Material for this task
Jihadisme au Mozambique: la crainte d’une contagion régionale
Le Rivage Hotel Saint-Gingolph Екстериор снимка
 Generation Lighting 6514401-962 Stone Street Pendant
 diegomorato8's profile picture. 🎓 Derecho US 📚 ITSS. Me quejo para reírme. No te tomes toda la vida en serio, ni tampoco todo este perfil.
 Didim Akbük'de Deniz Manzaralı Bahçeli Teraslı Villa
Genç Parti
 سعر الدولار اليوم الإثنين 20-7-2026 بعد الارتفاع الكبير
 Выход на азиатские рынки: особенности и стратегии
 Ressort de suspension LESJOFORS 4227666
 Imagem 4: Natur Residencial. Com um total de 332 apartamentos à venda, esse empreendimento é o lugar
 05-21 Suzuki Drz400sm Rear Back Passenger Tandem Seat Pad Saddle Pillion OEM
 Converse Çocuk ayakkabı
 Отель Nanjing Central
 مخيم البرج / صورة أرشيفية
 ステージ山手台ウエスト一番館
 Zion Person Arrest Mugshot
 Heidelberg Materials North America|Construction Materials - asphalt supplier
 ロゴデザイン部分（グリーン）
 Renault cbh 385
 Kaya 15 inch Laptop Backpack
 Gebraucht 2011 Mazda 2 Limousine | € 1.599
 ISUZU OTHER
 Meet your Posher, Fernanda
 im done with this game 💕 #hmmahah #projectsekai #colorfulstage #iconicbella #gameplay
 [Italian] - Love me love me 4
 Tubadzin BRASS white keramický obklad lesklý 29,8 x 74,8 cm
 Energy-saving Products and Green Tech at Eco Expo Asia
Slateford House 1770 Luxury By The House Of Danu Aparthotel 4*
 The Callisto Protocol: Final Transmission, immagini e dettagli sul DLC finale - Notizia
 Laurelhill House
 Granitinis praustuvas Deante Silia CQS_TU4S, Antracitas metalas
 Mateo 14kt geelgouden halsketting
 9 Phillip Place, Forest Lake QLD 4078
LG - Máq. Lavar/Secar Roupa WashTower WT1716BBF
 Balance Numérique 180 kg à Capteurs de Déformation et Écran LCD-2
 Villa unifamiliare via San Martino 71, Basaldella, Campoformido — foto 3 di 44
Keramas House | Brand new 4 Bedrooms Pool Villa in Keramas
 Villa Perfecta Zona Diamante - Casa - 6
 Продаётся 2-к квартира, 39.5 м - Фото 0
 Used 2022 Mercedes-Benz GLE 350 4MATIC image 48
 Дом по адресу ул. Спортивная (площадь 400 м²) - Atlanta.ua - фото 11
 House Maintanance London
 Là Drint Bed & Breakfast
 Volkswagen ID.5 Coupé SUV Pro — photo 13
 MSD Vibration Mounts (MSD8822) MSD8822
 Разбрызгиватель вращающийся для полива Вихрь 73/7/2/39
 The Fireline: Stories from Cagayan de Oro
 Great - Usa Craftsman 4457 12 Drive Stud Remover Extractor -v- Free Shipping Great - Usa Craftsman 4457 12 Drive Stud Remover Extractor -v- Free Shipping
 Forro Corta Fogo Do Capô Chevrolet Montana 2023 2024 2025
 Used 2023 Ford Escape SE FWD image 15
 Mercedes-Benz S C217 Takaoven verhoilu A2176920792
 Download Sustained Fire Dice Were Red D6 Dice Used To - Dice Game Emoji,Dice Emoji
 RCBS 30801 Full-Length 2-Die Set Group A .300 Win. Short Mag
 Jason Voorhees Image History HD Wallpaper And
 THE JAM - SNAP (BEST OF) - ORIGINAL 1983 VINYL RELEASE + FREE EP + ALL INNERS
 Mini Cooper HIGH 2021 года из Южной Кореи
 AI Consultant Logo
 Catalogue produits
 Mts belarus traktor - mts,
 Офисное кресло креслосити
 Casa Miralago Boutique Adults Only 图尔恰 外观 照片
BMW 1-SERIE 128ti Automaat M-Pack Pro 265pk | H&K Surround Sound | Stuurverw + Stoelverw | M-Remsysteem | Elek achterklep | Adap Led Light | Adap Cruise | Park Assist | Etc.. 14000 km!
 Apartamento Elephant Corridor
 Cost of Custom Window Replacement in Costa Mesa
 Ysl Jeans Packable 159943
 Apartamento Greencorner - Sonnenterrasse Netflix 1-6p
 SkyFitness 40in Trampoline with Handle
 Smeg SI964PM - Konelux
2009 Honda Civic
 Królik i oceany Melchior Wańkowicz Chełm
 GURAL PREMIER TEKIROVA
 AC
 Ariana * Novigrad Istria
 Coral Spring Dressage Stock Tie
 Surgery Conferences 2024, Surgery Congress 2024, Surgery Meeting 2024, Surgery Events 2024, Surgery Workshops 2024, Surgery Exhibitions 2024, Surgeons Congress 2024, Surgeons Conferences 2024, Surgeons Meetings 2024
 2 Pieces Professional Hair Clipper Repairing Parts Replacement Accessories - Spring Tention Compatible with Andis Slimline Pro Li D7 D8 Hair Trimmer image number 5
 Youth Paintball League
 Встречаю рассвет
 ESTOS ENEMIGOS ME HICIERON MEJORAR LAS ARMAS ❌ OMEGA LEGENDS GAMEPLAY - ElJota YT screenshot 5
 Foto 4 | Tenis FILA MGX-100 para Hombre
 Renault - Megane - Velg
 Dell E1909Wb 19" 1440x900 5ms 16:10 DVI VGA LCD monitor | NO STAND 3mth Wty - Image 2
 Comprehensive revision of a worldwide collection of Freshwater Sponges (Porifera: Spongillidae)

Your instructions
Return only the number of lines in the listing that contain the word "Mercedes".

Solution to this problem
2